▶ [Exercise goal]:
Where a picture appears in the data below, exclude it; restate everything else word for word.

** Material provided follows **

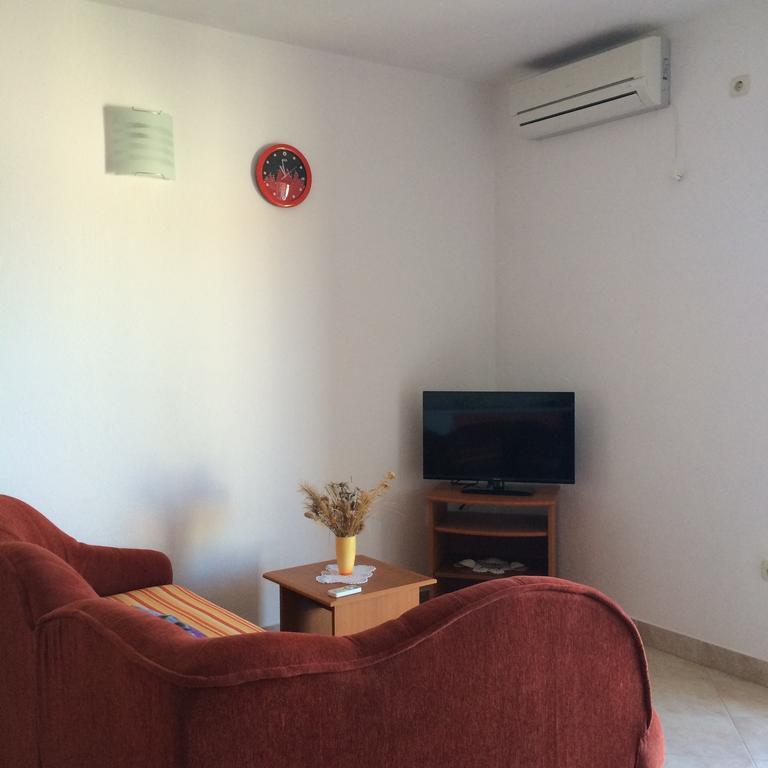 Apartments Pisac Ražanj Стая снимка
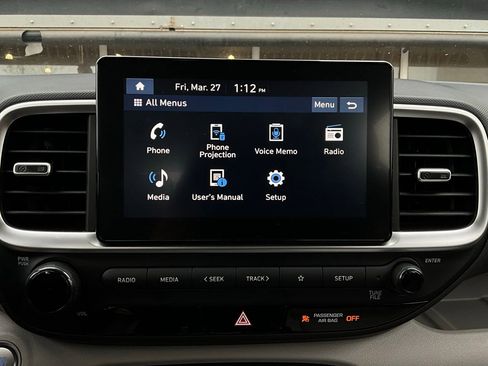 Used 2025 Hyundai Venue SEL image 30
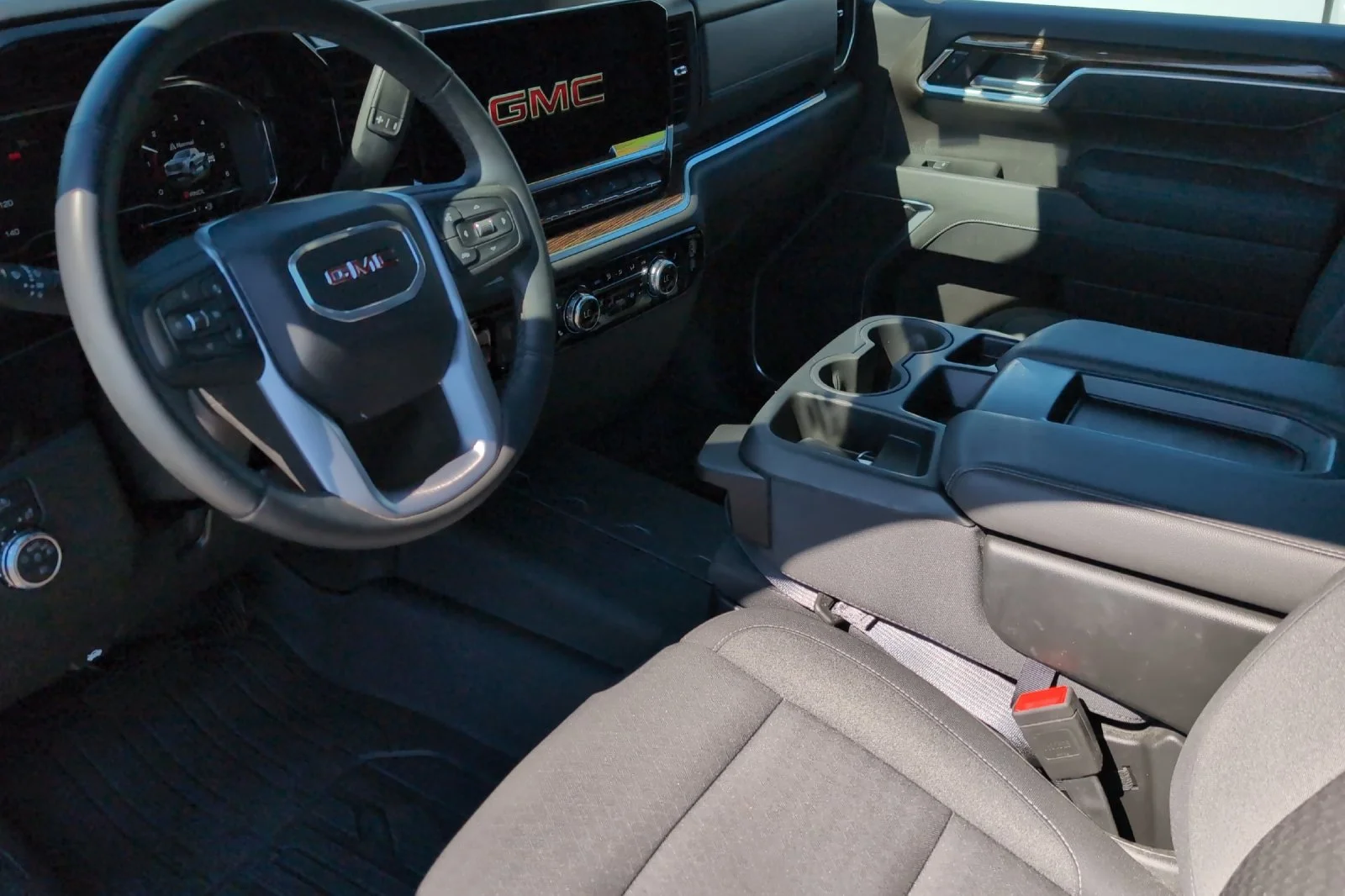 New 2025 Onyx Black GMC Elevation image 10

** End of Material provided **

▶ [Result of this task]:
 Apartments Pisac Ražanj Стая снимка
 Used 2025 Hyundai Venue SEL image 30
 New 2025 Onyx Black GMC Elevation image 10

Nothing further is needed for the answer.